# Get ready Colorado, here we come!!!



## Al33 (Sep 7, 2013)

OK folks, getting down to the wire for our elk hunt with less than 48 hours before we head out. I am a firm believer in the power of prayer so I’m asking for your prayers that we have a safe journey and hunt, not that I am overly concerned about our safety, just that I will feel a lot better knowing some prayers have been lifted up for us.

If I have missed something to pack that I might need I don’t know what it is. We will be loading the truck tomorrow and packing all our precooked and frozen foods on dry ice. Hopefully we will have enough room for all our gear.

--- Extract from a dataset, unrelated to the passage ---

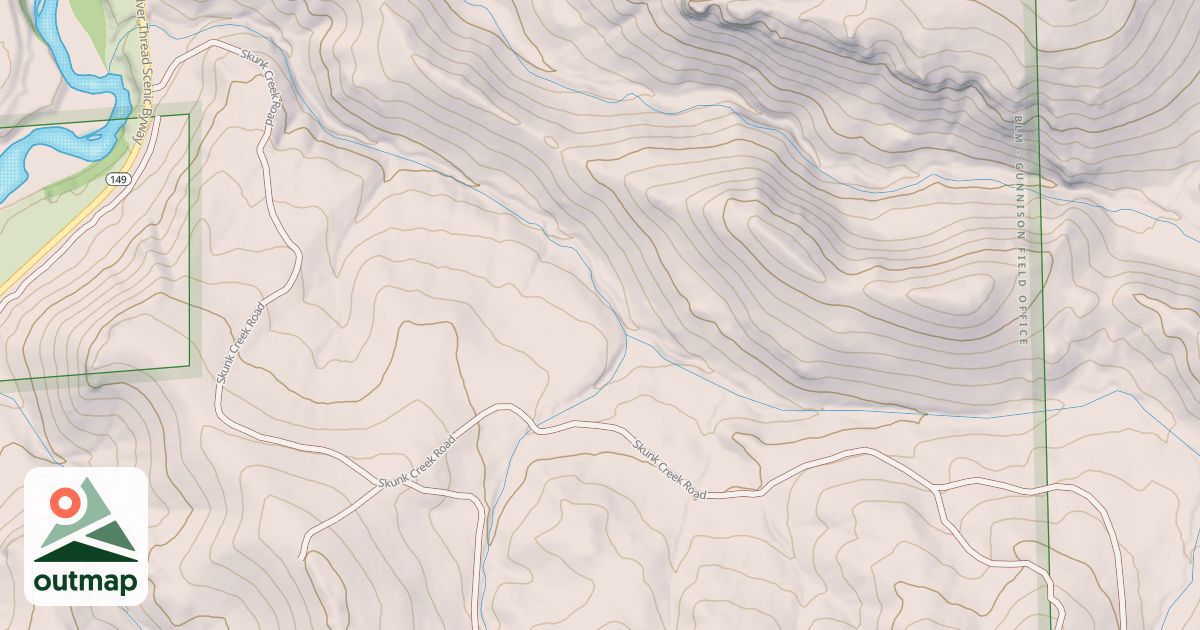 Map of BLM National GTLF Public Motorized Roads 0bdd59fa-8ac1-4582-9491-e243402a89c4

Up until a just little while ago I had not shot a bow since mid August due to tendonitis in my bow arm. I had been running a big chain saw and lifting big logs to the splitter and apparently stretched, strained, or tore something. I now have two knots at my elbow, one on top of the forearm just below the elbow crease and the other smaller one about the size of a quarter in and slightly above the crease. I just shot a 45# bow with no noticeable problems or bad pain so I am happy and do not expect to have problems with my 57# Black Feather.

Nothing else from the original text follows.